Bug 43052

Summary: [4.9/5/6 Regression] Inline memcmp is *much* slower than glibc's, no longer expanded inline
Product: gcc Reporter: Björn Stenberg <bjorn>
Component: targetAssignee: Bernd Schmidt <bernds>
Status: RESOLVED FIXED    
Severity: normal CC: bernds, bjorn, dimhen, dodji, dushistov, enkovich.gnu, gcc-bugs, hjl.tools, hubicka, izamyatin, jakub, jlp.bugs, justin.lebar+bug, manu, mh+gcc, nickc, ojab, rth, sergos.gnu, thayer-public, tkoenig, uros, wbrana, xunxun1982
Priority: P2    
Version: 4.4.3   
Target Milestone: 4.9.4   
Host: i486-linux-gnu Target: x86_64-*-*, i?86-*-*
Build: i486-linux-gnu Known to work:
Known to fail: Last reconfirmed: 2010-02-12 15:45:19
Bug Depends on: 52171    
Bug Blocks: 95458    
Attachments: memcpy/memset testing script
Test results from my core i7

Description Björn Stenberg 2010-02-12 14:51:36 UTC
memcmp-intensive code becomes up to 6 times slower if compiled with the -O3 option than with the -g or -O0 option. The reason for this is that the inline memcmp function is *much* slower than the glibc memcmp.

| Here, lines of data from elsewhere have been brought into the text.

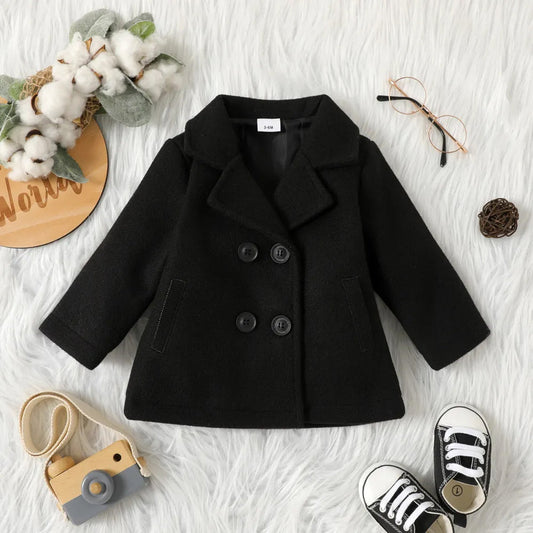 BABY/BOY BUTTON STYLE BLACK WINTER FLEECE LONG COAT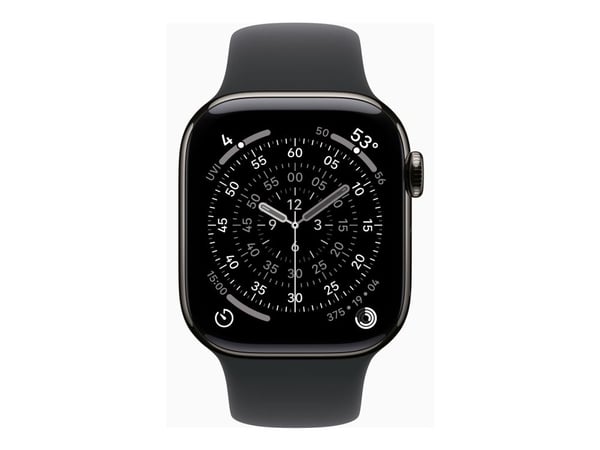 Apple Watch Series 11 GPS + Cellular 42mm Slate Titanium Case with Black Sport Band - S/M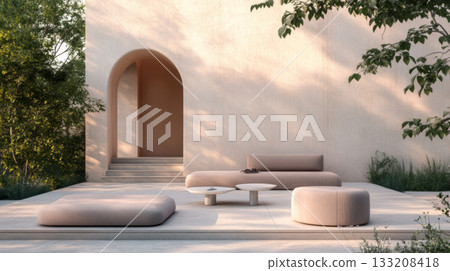 Minimalist Architecture with Shadows and Sunlit Staircase 133208418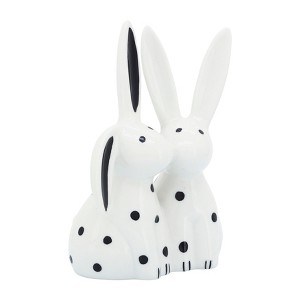 Sagebrook Home 7" Kissing Bunnies Sculpture - Contemporary Porcelain White and Black Bunny Statue for Home or Office Decor - Romantic Gift Idea - 1 of 4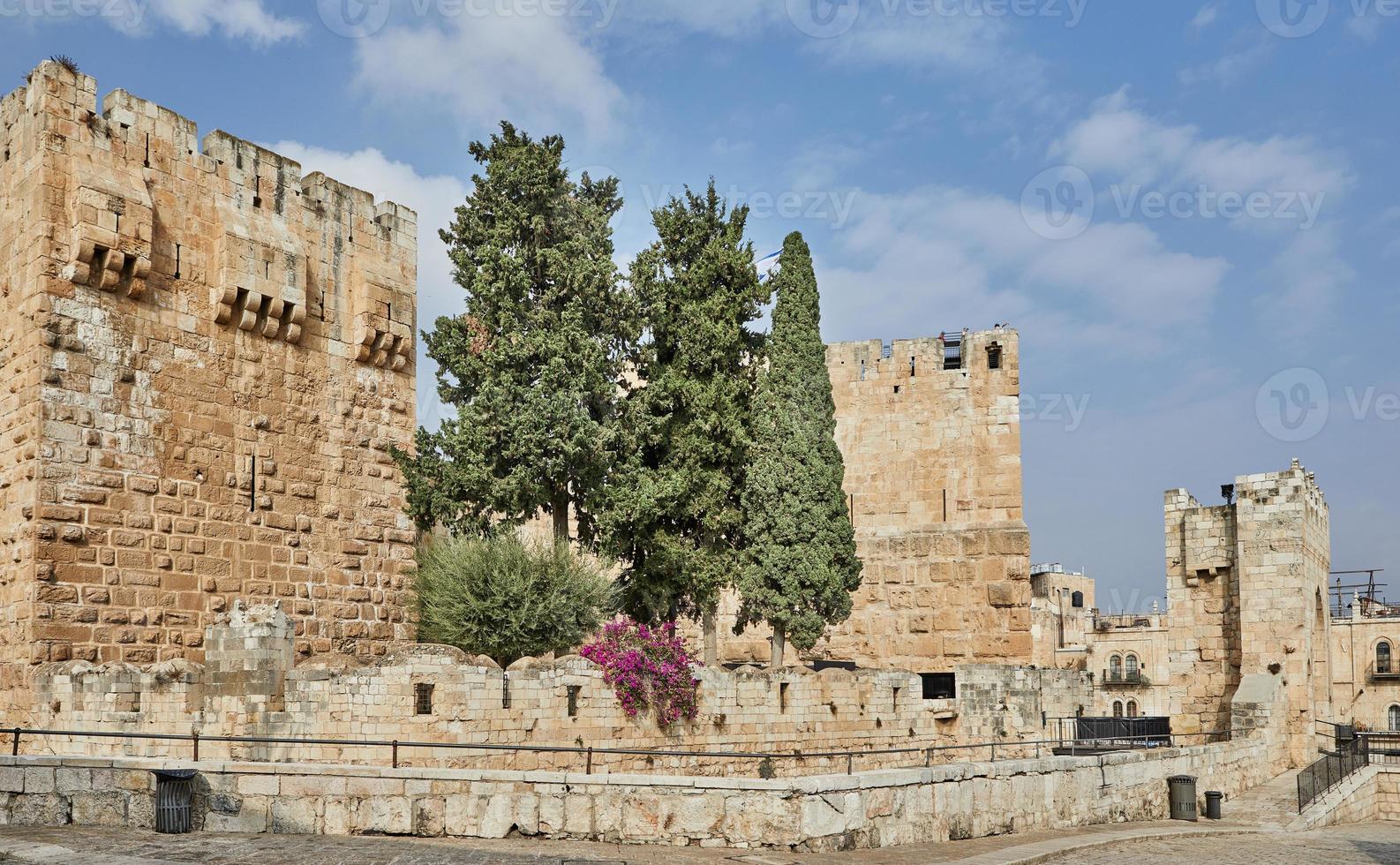 View of the King David s tower in Old Jerusalem city photo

Here's a simple test case:

#include <stdio.h>
#include <stdlib.h>
#include <string.h>
#include <sys/times.h>

void* list[1024 * 1024];

int main(void)
{
    int count = sizeof(list) / sizeof(char*);
    int i;
    for (i=0; i < count; i++)
        list[i] = calloc(1024, 1);

    int dupes = 0;
    int start = times(NULL);
    for (i=0; i<count-1; i++)
        if (!memcmp(list[i], list[i+1], 1024))
            dupes++;

    int ticks = times(NULL) - start;
    printf("Time: %d ticks (%d memcmp/tick)\n", ticks, dupes/ticks);

    return 0;
}


# gcc -O3 -o test test.c
# ./test
Time: 188 ticks (5577 memcmp/tick)
# gcc -O0 -o test test.c
# ./test
Time: 30 ticks (34952 memcmp/tick)

System is Debian testing with libc package 2.10.1-7.
Comment 1 Alexander Monakov 2010-02-12 15:45:19 UTC
Confirmed. GCC simply emits repz cmpsb.  There was even an e-mail with benchmark results and a patch (never applied):

http://gcc.gnu.org/ml/gcc-patches/2009-09/msg02129.html
Comment 2 Michael Thayer 2010-10-01 11:08:11 UTC
Unless I read those benchmarks wrong, they say that for unaligned memory the inline byte-by-byte version is almost always faster.  So surely a multi-byte inline version should at least do an alignment check before proceeding.  I don't know if it would still be worth inlining then.
Comment 3 Jan Hubicka 2010-11-10 21:17:09 UTC
Mine.  I think we should go for the rep movq. Ideally we should track the alignment from calloc call to use, perhaps by fusing the loops, but I am just day dreaming with that ;))

 I will take a look.

Honza
Comment 4 Jan Hubicka 2010-11-10 21:36:07 UTC
Hmm, I should read testcases curefully. It is memcmp. GCC is not really smart on inlining this; I guess we should just disable the inline unless we optimize for size since we don't really have enough info to inline it well by default.
Comment 5 H.J. Lu 2010-11-11 02:24:28 UTC
String/memory functions in the current glibc are VERY FAST,
especially for larger data size under all cases. Gcc should
inline only small/known data size. We are investigating this.
Comment 6 Richard Biener 2010-11-11 10:39:35 UTC
(In reply to comment #4)
> Hmm, I should read testcases curefully. It is memcmp. GCC is not really smart
> on inlining this; I guess we should just disable the inline unless we optimize
> for size since we don't really have enough info to inline it well by default.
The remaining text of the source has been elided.